Sociology and the Utopian Society

Edward Bernays and Group Psychology: Manipulating the Masses  Video https://www.youtube.com/watch?v=lOUcXK_7d_c

Discovering a better socio/economic model for us to live by should certainly be something we put our best minds to working on.

In my limited experience with thinking or working with this theme I found little opportunity for any significant change from the status quo.

   Yet  recently, when I found the work of Kohlberg, I felt there was real hope for new dynamics. Prior to this, it seemed that any structure would quickly fall apart if it had no religious center to it. Something besides self interest was needed in its economics to give it backbone. Something besides religion was necessary to unify and and give some moral bearing to the community.

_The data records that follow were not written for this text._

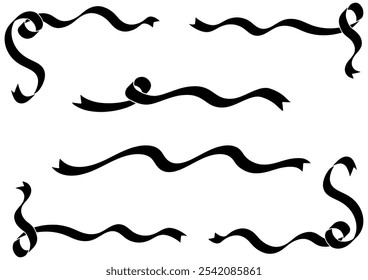 Girlish ribbon silhouette frameset. Vector data.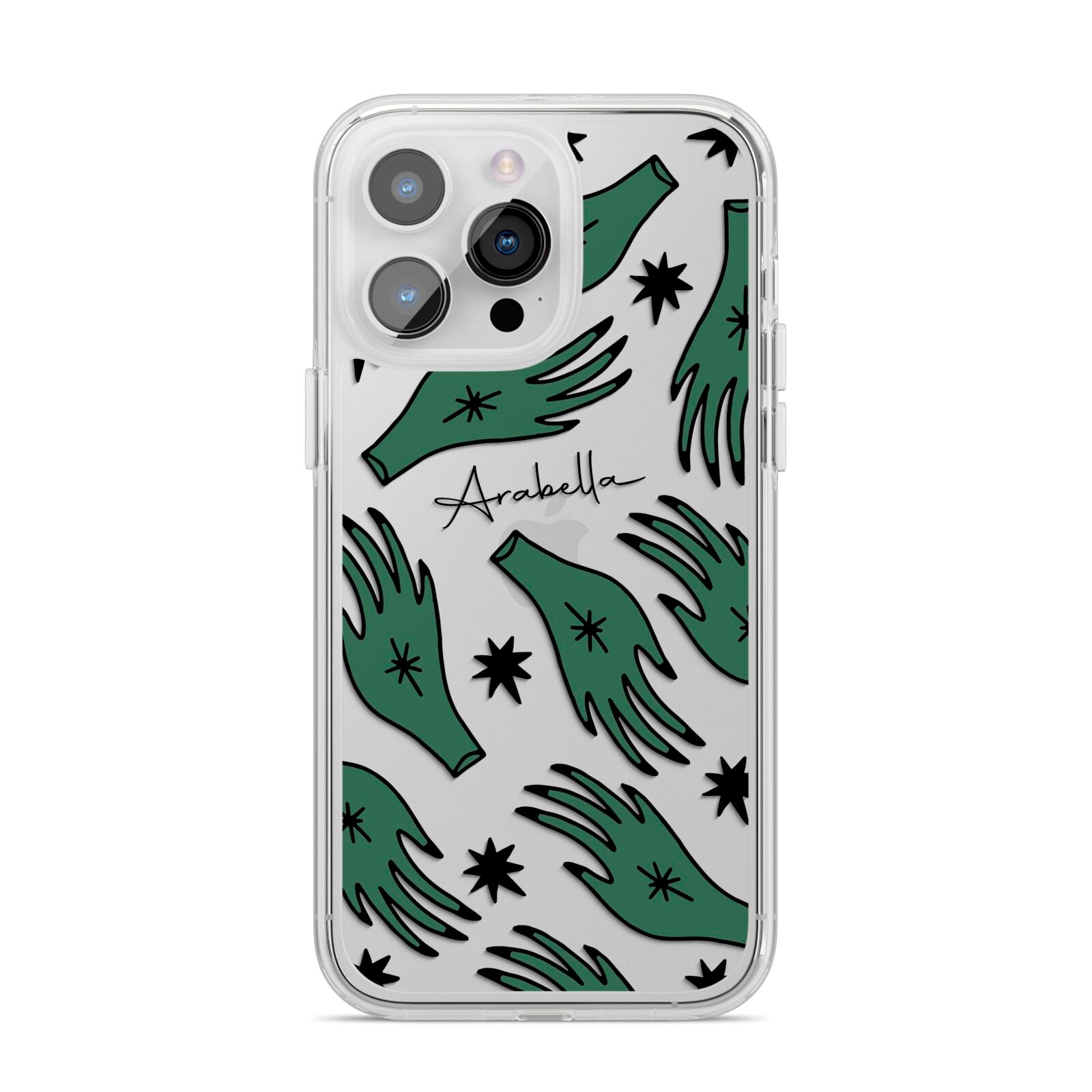 Green Star Hands Personalised iPhone 14 Pro Max Clear Tough Case Silver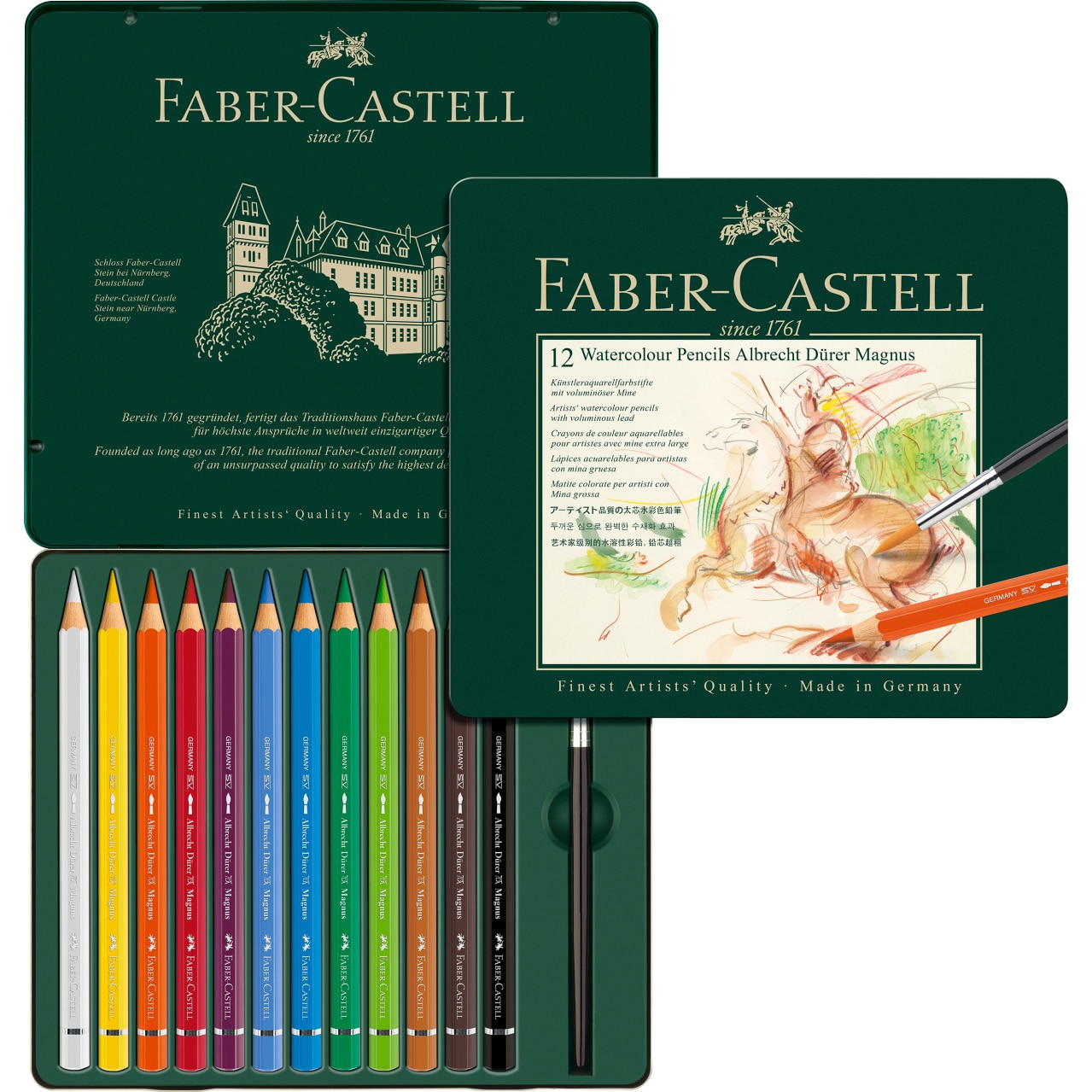 Creioane Colorate Faber-Castell A.Durer Magnus, 12 culori, cutie metal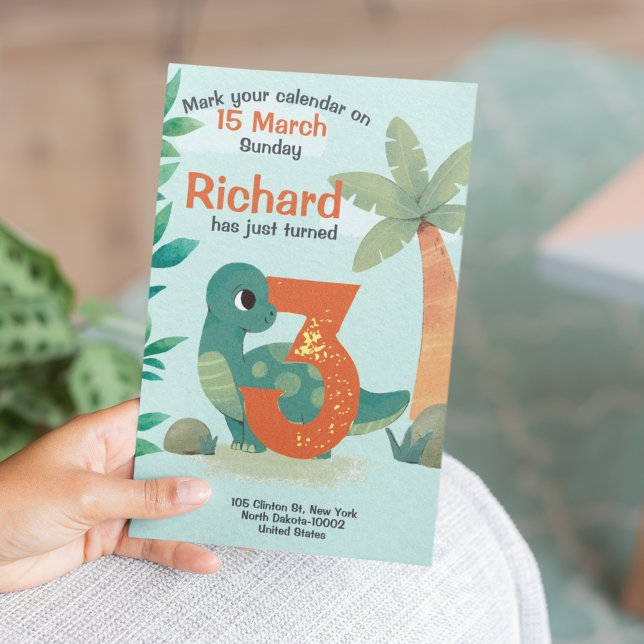 Cute Dino Themed Kid's Birthday Party Invitation (Creator Uploaded)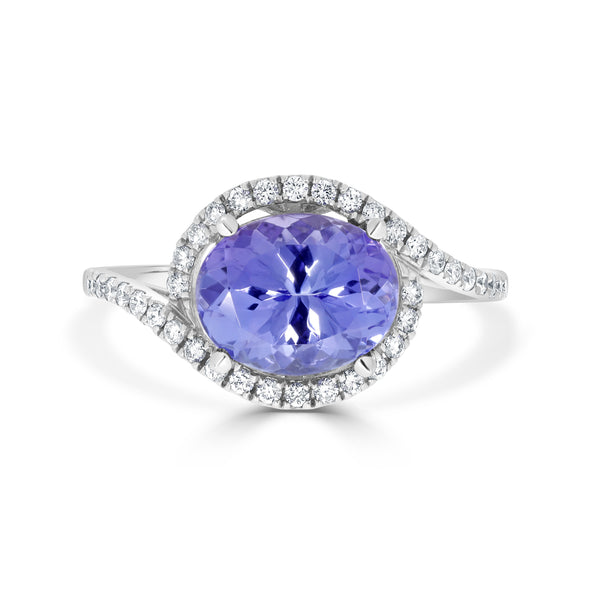 2.56 ct AAAA Oval Tanzanite Ring with 0.26 cttw Diamond in 14K White Gold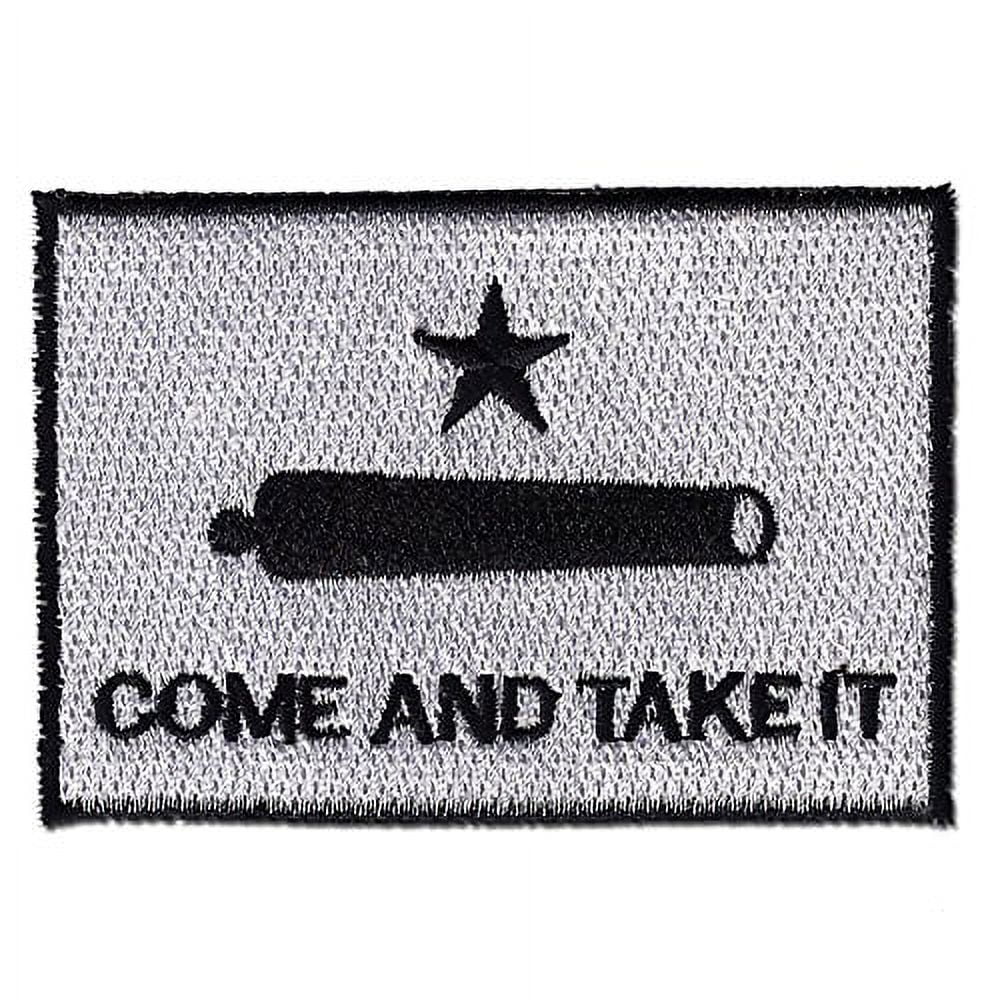 COME AND TAKE IT FLAG 3.5" x 2.5" Logo Sew Ironed On Badge Embroidery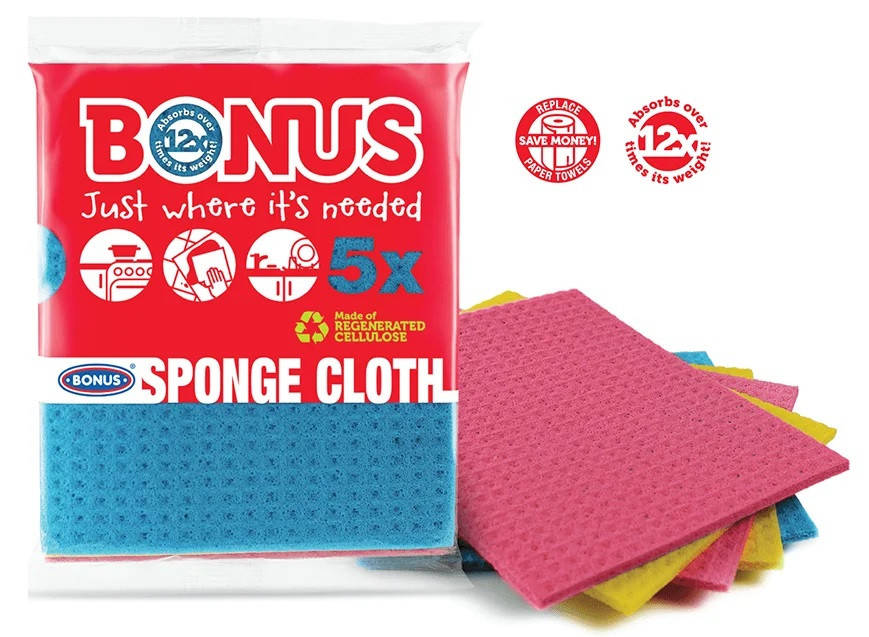 

Универсальные салфетки - мочалки целлюлозные Bonus B156 Sponge Cloth 5шт, Разные цвета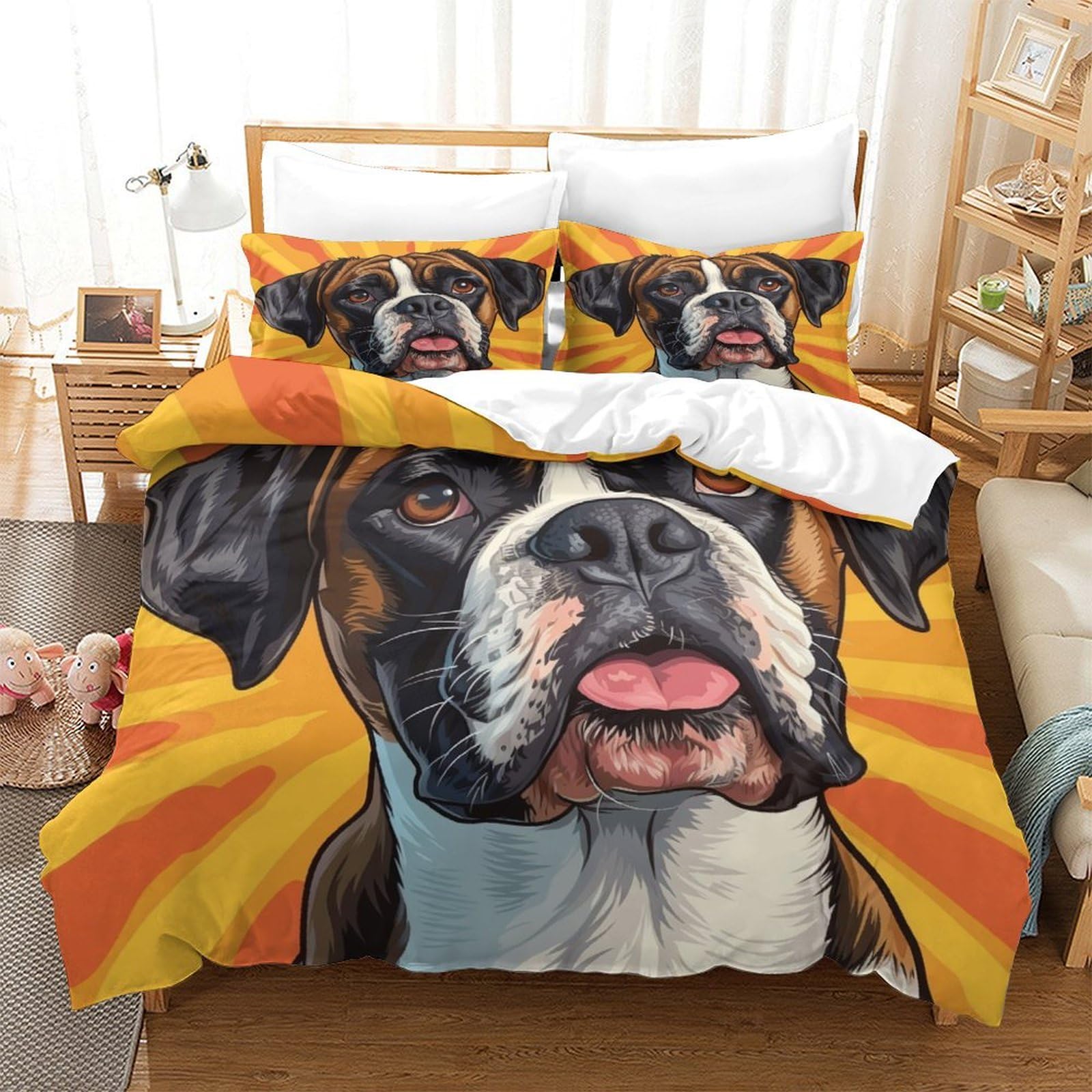P1S9U7W5Y Cartoon Dog 3D Printed Microfiber 3 Piece Duvet Cover Set for Adults Teens Bedroom Decoration Pet Pattern Bedding Set Soft Breathable Home Gift Super king（260x220cm）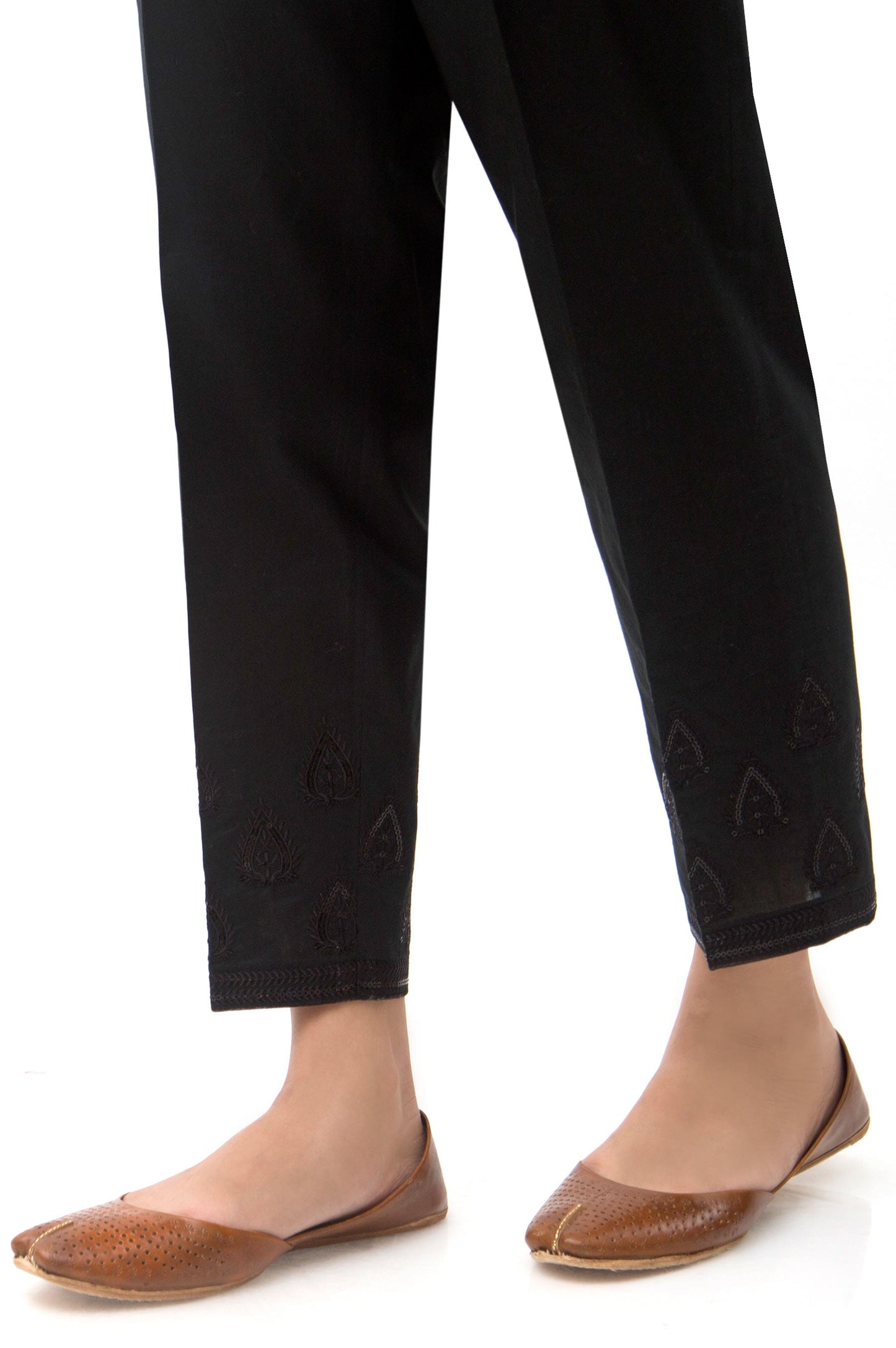 Embroidered Cambric Cigarette Pants  - Black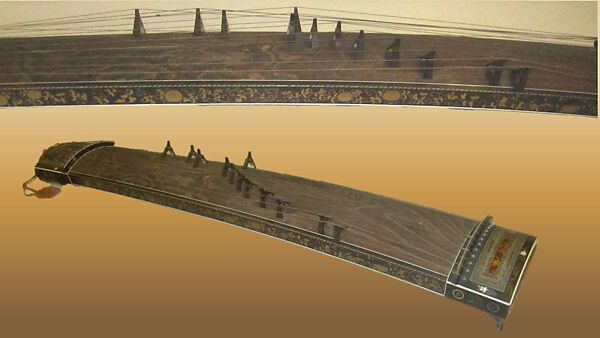 Koto (箏), Wood, mother of pearl, metal, ivory, lacquer, Japanese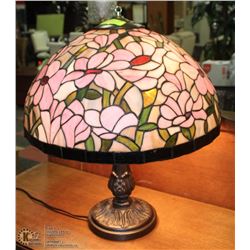 PINK STAINED GLASS LAMP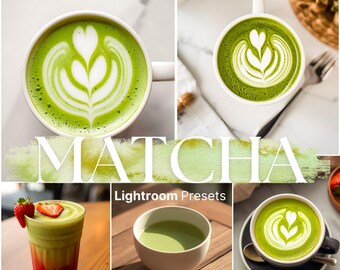 May include: A collage of matcha drinks, including lattes with latte art, a layered smoothie with a strawberry garnish, and a bowl of matcha. The word "Matcha" is displayed in large white letters across the center of the image. The text "Lightroom Presets" is also visible.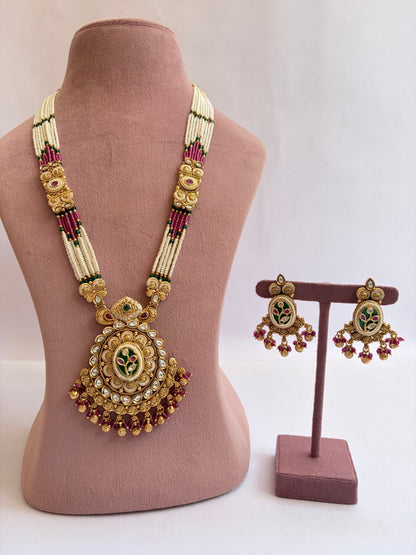 Rajwada Gold Plated Pearl Long Mala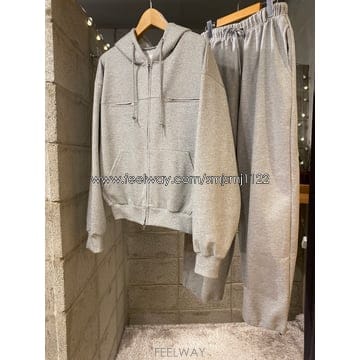 남자 가을 트레이닝복 후드집업  티셔츠 맨투맨 라운드 밴딩 팬츠 오버핏  그레이 F ~105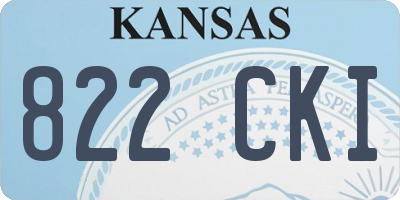 KS license plate 822CKI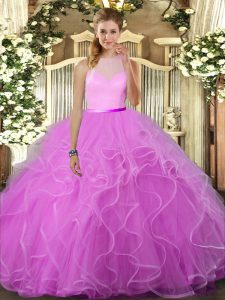 Exquisite Tulle High-neck Sleeveless Backless Ruffles Vestidos de Quinceanera in Lilac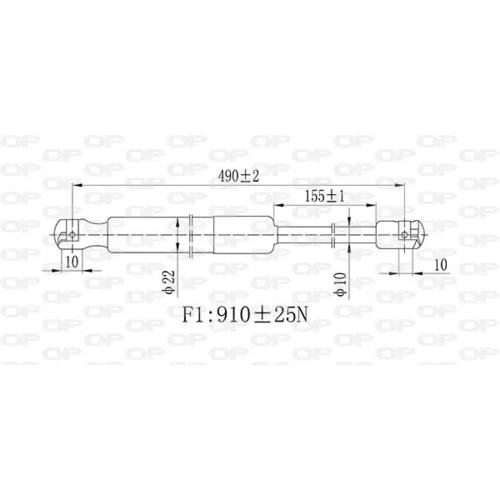 Pneumatická pružina, Batožinový/nákladný priestor OPEN PARTS GSR6510.00 - obr. 1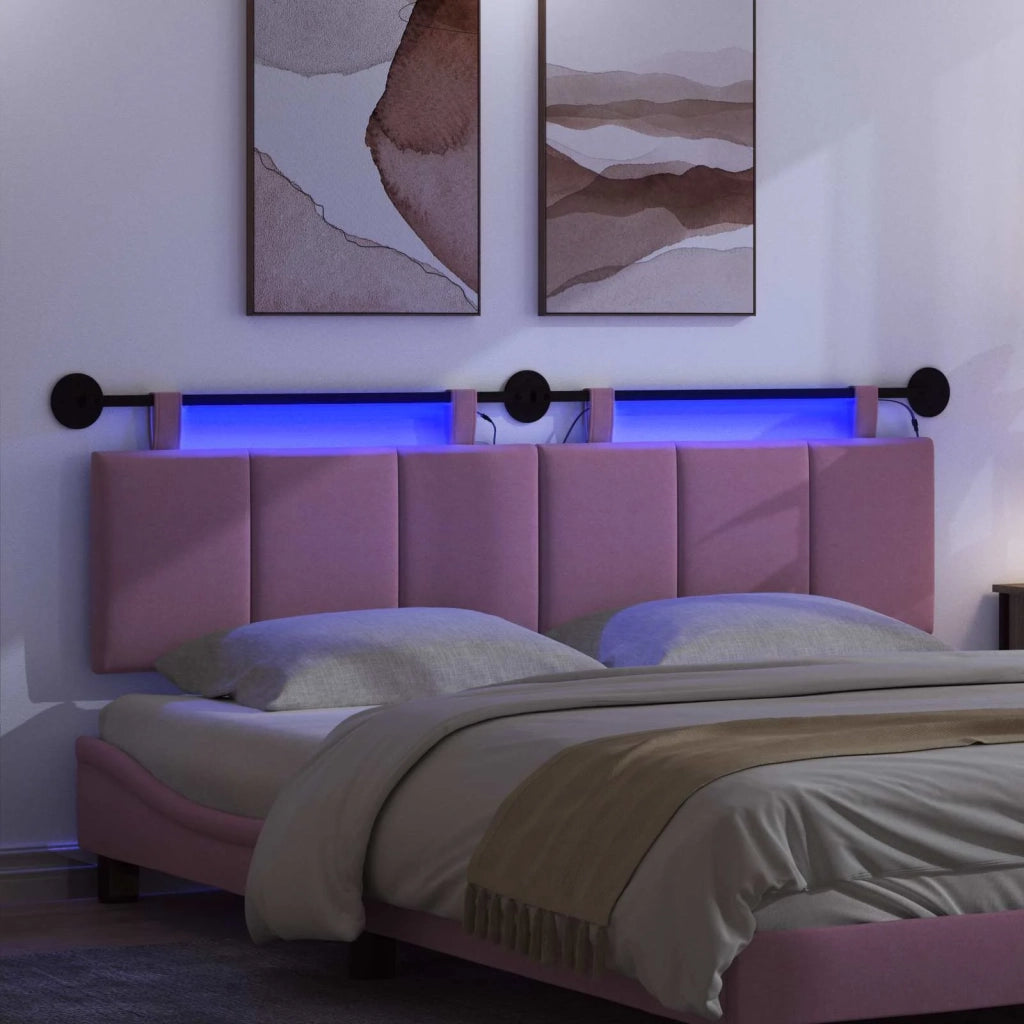 Testiera sospesa Con luce LED Rosa Tessuto 3424825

I personally have some problems with religion versus freedom. It's just that faith is so contrary to truth and truth is so central to education and morality. Also, freedom should be of central importance to a community and its people, and religious dogma mostly requires the opposite, it requires compliance.

Kohlberg not only describes morality as a learned behavior but says you can test for it. He also shows that moral rectitude is not natural, you need to be conditioned to moral principals.

The economics of community based systems from the peasant/landlord of kingships to the modern mill towns are well tested platforms for society.

Today, a large variety of religion based groups prosper.  Christianity, Scientology, Mormonism are all based around mythical religious belief.

In my opinion, the possibility of good results from experimenting with secular concepts of social organization is uniquely opportune today. Given all the new information we have from other disciplines and technologies, efficient models for social development can now be designed and built that could be the growth industry of this century.     

Ferdinand Tönnies describes the evolution as the development from informal society, where people have many liberties and there are few laws and obligations, to modern, formal rational society, dominated by traditions and laws and are restricted from acting as they wish. He also notes that there is a tendency of standardisation and unification, when all smaller societies are absorbed into the single, large, modern society. Thus Tönnies can be said to describe part of the process known today as the globalization. Tönnies was also one of the first sociologists to claim that the evolution of society is not necessarily going in the right direction, that the social progress is not perfect, and it can even be called a regress as the newer, more evolved societies are obtained only after paying a high cost, resulting in decreasing satisfaction of individuals making up that society. Tönnies' work became the foundation of neoevolutionism.